I have a server with 16 cores, but only one core is being used at any given time during the SUM.

Any idea why this is so slow or how I can speed it up?

The same operation in a chart in the UI is super fast!

5 Replies
Not applicable
Author

Did you get any response for solving your problem?

I got the same issue and don't know how to solve.

Best Regards

Ramon

Not applicable
Author

Hey Ramon,

No, I have not gotten any response. I am just trying to do all of my data transformation & aggregation in my SQL scripts, prior to loading it into QVDs.

Does anyone know why QlikView is so much slower than a database engine when doing simple aggregations?

rwunderlich
Partner Ambassador/MVP
Partner Ambassador/MVP

This is surprising. Can you post the logfile where it runs slow?

-Rob

Not applicable
Author

Hey Rob,

Thanks for taking a look. Please see attached log file.

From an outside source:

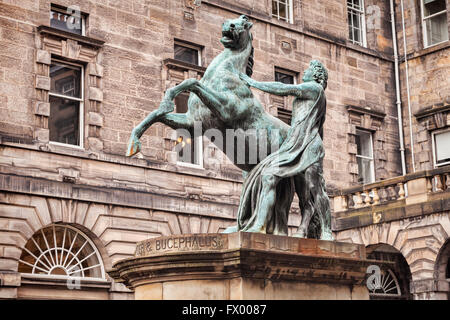 Statue von Alexander dem großen und seinem Pferd Bucephalus bei City Chambers, Royal Mile, Edinburgh, Scotland, UK Stockfoto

The delay happens right at the end, around 3:49 in the log. It take ~8 minutes to calculate a SUM on 1.2 million rows, grouping by 2 other fields.

Any help is appreciated!

Thanks,

     -Simon-

rwunderlich
Partner Ambassador/MVP
Partner Ambassador/MVP

Simon,

I think the answer is that you are processing many more than 1.2M  rows in the sum.

Table OOO starts with 1.2M rows. Then you join the Rooms table onto OOO. Assuming 100 rooms per property, table OOO now has 120M rows.

The sum and group by is therefore taking in 120M rows. The 1.2M reported in the log is the grouped by count, not the input row count.

So the timing may not be all that unreasonable. Hard to say without knowing the actual count of OOO.

I'm not sure why a sum() on a resident table is using only a single core. That may be an additional question once you confirm if my explanation makes sense.

-Rob

http://robwunderlich.com